>>

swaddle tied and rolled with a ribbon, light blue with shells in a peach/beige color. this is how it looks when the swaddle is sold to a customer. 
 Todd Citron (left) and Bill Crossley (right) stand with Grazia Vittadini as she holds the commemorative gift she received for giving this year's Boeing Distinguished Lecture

<<
>>

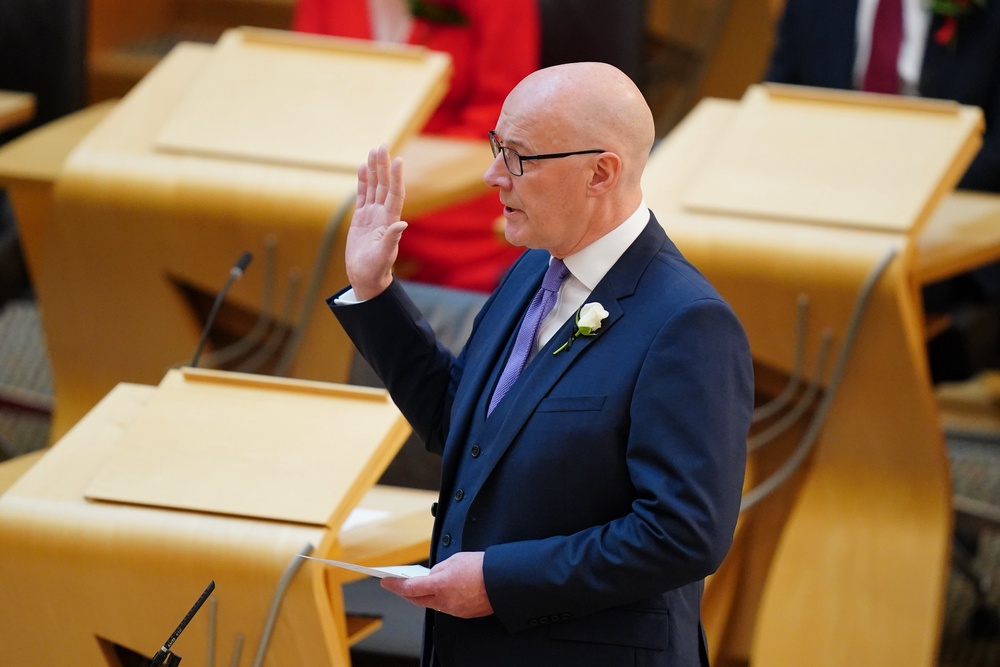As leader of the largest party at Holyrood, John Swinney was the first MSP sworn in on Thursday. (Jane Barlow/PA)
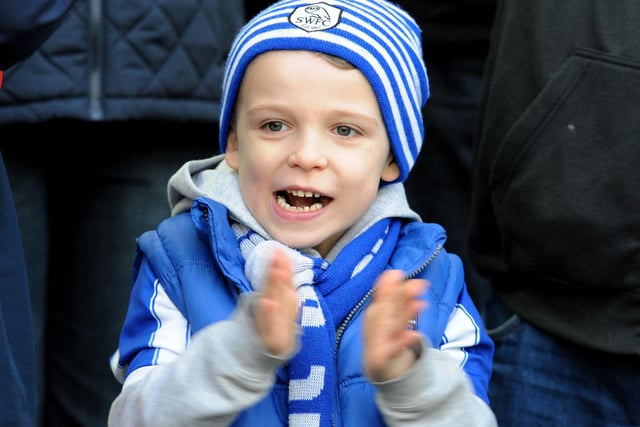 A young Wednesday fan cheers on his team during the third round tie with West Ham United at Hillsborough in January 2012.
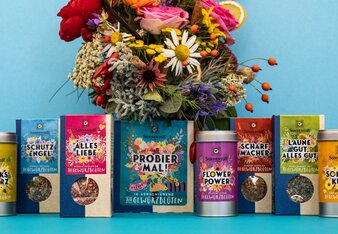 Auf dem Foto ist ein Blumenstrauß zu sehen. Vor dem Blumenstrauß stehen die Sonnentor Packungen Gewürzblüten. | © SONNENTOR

<<

» **WORK TASK**
Once the line with "swaddle tied and" is found in the records above, print exactly that line and every line after it through the line with "Todd Citron (left)".

» **SOLUTION TO THIS TASK**
swaddle tied and rolled with a ribbon, light blue with shells in a peach/beige color. this is how it looks when the swaddle is sold to a customer. 
 Todd Citron (left) and Bill Crossley (right) stand with Grazia Vittadini as she holds the commemorative gift she received for giving this year's Boeing Distinguished Lecture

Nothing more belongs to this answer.